5th December 2021
Sunday evening gaming on Board Game Arena continued with Carcassonne. You too can wander this French Province, have a hand in building the legendary city, monastries and surrounding country side as well as populating the roads with... errr... highwaymen?
What's in a game?
What few components the game possesses, are all solidly manufactured.
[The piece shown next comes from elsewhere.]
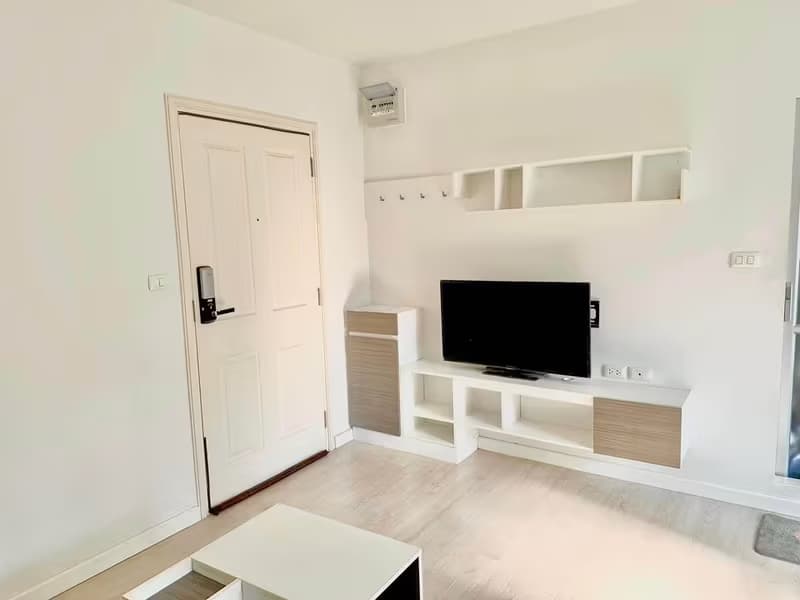 1 Bedroom Condo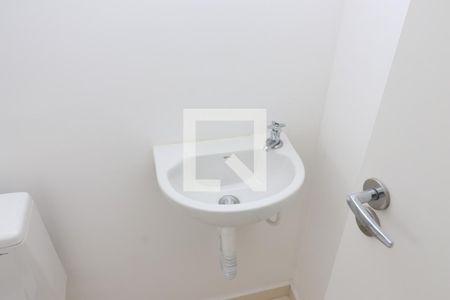 Banheiro de kitnet/studio para alugar com 0 quarto, 40m² em Vila Granada, São Paulo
The tiles and scoreboard are constructed of suitably thick card and the meeples are nice wooden tokens.
The artwork found the tiles is for the most fairly small but are well detailed with colourful illustrations, the meeples are also brightly coloured.
As the game area is built up over play, it actually looks quite good.
In a game all about joining up tiles, the artwork is universally clear and there's never any confusion on how they connect.
How's it play?
On to play
Broadly speaking, Carcassonne is about about building up the central playing area and connecting the game's features, it begins with the opening player taking and playing a land tile into the central play area next to the starting tile, then continues with the player on the left and so on until the stack of face-down tiles has been depleted.
Once play reaches the game end, final scores for uncompleted features are totted up.
This means that an incomplete road (Which has a highwayman on it.) that goes over 2 tiles would score 2 points, monasteries score for partial completion as well at 1VP per. occupied surrounding tile. However, incomplete cities only score half, that is, each tile and coat-of-arms, score 1VP apiece.
Finally, farmers are scored; each completed city that connects to a field that contains a farmer scores VPs for the owning player.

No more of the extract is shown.